■ RECORDS TO USE ■
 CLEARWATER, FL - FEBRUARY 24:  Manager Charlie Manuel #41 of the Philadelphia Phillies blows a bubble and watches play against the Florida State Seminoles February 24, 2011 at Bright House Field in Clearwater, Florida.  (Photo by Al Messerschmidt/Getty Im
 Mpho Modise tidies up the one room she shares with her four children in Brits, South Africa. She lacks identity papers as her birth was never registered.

---

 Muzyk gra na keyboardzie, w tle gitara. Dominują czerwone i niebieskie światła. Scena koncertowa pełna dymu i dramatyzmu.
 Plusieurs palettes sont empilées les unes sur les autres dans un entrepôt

■ AIM OF THE EXERCISE ■
All lines above from the one containing "CLEARWATER, FL - FEBRUARY" to the one containing "Mpho Modise tidies" must be repeated exactly, both lines included, and no others.

■ RESULT ■
 CLEARWATER, FL - FEBRUARY 24:  Manager Charlie Manuel #41 of the Philadelphia Phillies blows a bubble and watches play against the Florida State Seminoles February 24, 2011 at Bright House Field in Clearwater, Florida.  (Photo by Al Messerschmidt/Getty Im
 Mpho Modise tidies up the one room she shares with her four children in Brits, South Africa. She lacks identity papers as her birth was never registered.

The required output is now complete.